Its analysis of OnTheMarket data suggests that the number of new sales listings in England and Wales rose 18 per cent week-on-week in the seven days to 6 March, the highest such rise since June 2020, a fortnight after the property market re-opened following the first lockdown.
Tom Bill, head of UK residential research at Knight Frank, said: ‘Circumstances are conspiring to produce an active few months in the UK housing market.
‘While the stamp duty holiday extension, the re-opening of schools and vaccine rollout are driving supply and demand higher, the prospect of summer holidays will inject further urgency into the second quarter of the year.’
Rents are also rising
As well as price rises in the sales market, rents have also been on the rise in recent months – at least outside of the capital.
Research by estate agent Hamptons International showed that year-on-year rental growth outside London hit 8 per cent in February, the highest figure since its index began in 2012. In real terms this equates to an increase of £68 per month.
London saw a double dip in rental growth as rents fell again following five months of growth.
Across Greater London rents fell 0.2 per cent year-on-year, following five consecutive months of growth.
Hamptons said the drop was driven by falls in Inner London. Average rents in Inner London fell 17.7 per cent year-on-year, the largest decrease recorded since the onset of the pandemic. Meanwhile in Outer London, rents grew 5.3 per cent annually, the sixth consecutive month of growth.
Rental growth: UK rents have increased by 5.6% year-on-year to reach £1,062 per month
The rental growth seen nationally appears to have been fuelled by a lack of stock. The report said 300,000 fewer properties had come on to the rental market since the onset of the pandemic than during the preceding 12 months.
Last month, the number of rental homes on the market fell by double digit percentages in every region apart from London compared with the same time last year. The South West and Wales saw the largest declines, with 48 per cent fewer homes available to rent in February than the same time last year.
There were 16 per cent more homes available to rent in cities across Great Britain in February 2021 than at the same time last year, as renters moved away from urban centres in favour of more suburban and rural locations.

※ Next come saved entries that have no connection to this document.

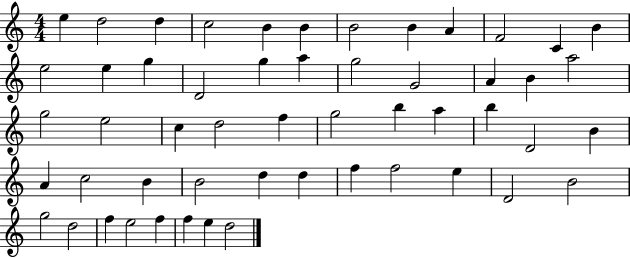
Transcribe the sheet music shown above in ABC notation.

X:1
T:Untitled
M:4/4
L:1/4
K:C
e d2 d c2 B B B2 B A F2 C B e2 e g D2 g a g2 G2 A B a2 g2 e2 c d2 f g2 b a b D2 B A c2 B B2 d d f f2 e D2 B2 g2 d2 f e2 f f e d2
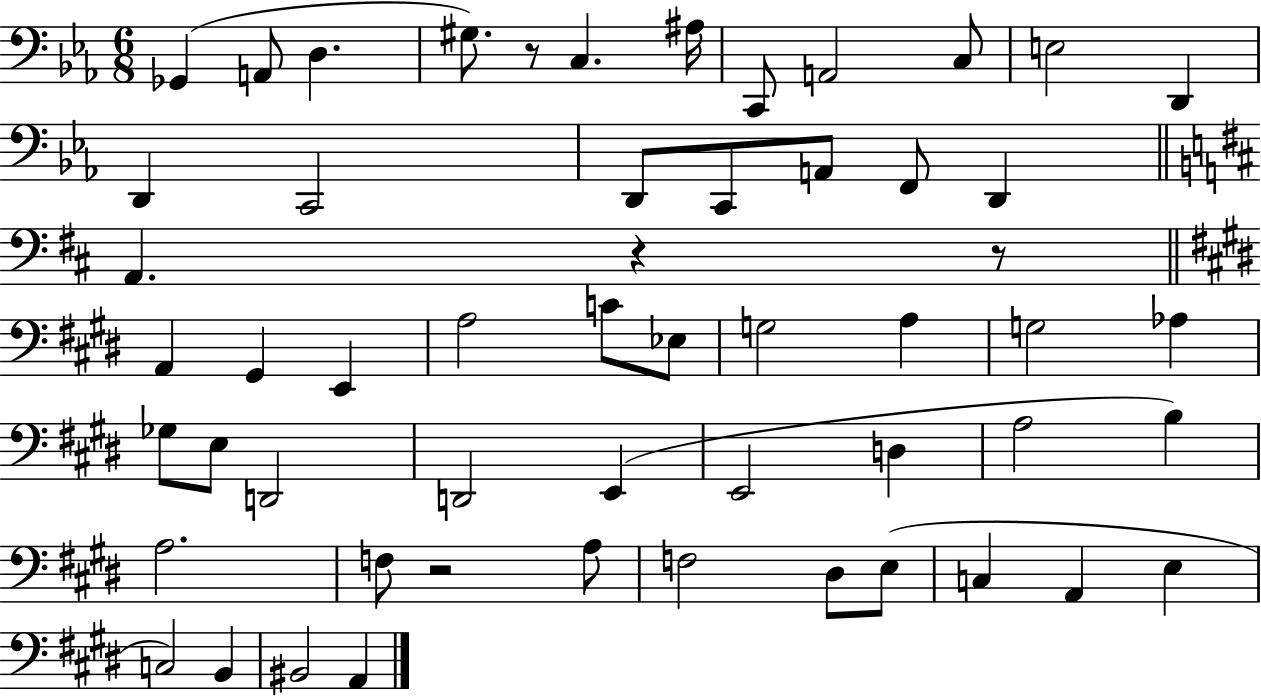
{
  \clef bass
  \numericTimeSignature
  \time 6/8
  \key ees \major
  ges,4( a,8 d4. | gis8.) r8 c4. ais16 | c,8 a,2 c8 | e2 d,4 | \break d,4 c,2 | d,8 c,8 a,8 f,8 d,4 | \bar "||" \break \key d \major a,4. r4 r8 | \bar "||" \break \key e \major a,4 gis,4 e,4 | a2 c'8 ees8 | g2 a4 | g2 aes4 | \break ges8 e8 d,2 | d,2 e,4( | e,2 d4 | a2 b4) | \break a2. | f8 r2 a8 | f2 dis8 e8( | c4 a,4 e4 | \break c2) b,4 | bis,2 a,4 | \bar "|."
}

The supply of rental homes in towns and country locations recorded falls of 28 per cent and 52 per cent respectively. This divide was also evident in would-be tenant numbers which remained flat in the countryside, while dropping 10 per cent in cities.
The lack of rental homes on the market has meant that so far this year half of landlords letting a property were able to secure a higher rent than they had previously achieved. This is the highest proportion since 2016, with an average increase of £60 per month.
However, only 37 per cent of London landlords were able to secure higher rents – marking the lowest proportion recorded in any region. In contrast, 62 per cent of landlords in the South West were able to achieve higher rents on their properties.